**YOUR GOAL:** Pictures must not appear in the copy. Set down exactly the line with "25mm Sterling Silver" and each line after it through the end of the data below.

**GIVEN MATERIAL:**
══════════════════════════════

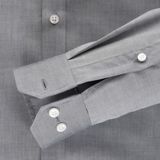 Venti Overhemd zilver, Faux-uni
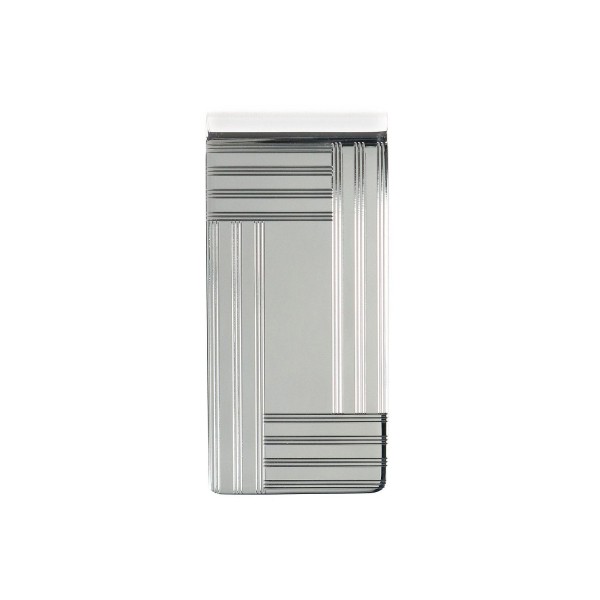 25mm Sterling Silver Engine Turned Money Clip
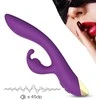 B Series Joy B serijos Joy Bunny Vibrator klitorio masažuoklis 22 cm 9 režimai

══════════════════════════════

**OUTPUT OF THE TASK:**
 25mm Sterling Silver Engine Turned Money Clip
 B Series Joy B serijos Joy Bunny Vibrator klitorio masažuoklis 22 cm 9 režimai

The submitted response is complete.